> _Task statement_: List all lines in the material below that contain "shirt".

> _Available records_:
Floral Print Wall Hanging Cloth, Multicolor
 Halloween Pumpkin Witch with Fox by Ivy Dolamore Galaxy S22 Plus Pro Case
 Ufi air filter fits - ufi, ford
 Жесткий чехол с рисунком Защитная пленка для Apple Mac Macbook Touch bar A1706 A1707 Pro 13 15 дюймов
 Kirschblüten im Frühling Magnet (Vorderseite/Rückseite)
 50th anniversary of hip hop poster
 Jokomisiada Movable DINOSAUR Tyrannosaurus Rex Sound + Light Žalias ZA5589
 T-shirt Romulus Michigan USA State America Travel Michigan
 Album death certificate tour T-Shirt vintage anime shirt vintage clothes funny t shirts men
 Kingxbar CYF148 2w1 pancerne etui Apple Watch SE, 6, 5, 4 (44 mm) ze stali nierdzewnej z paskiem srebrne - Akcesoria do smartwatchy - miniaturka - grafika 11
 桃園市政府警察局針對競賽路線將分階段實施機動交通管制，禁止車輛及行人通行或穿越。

> _Exercise output_:
 T-shirt Romulus Michigan USA State America Travel Michigan
 Album death certificate tour T-Shirt vintage anime shirt vintage clothes funny t shirts men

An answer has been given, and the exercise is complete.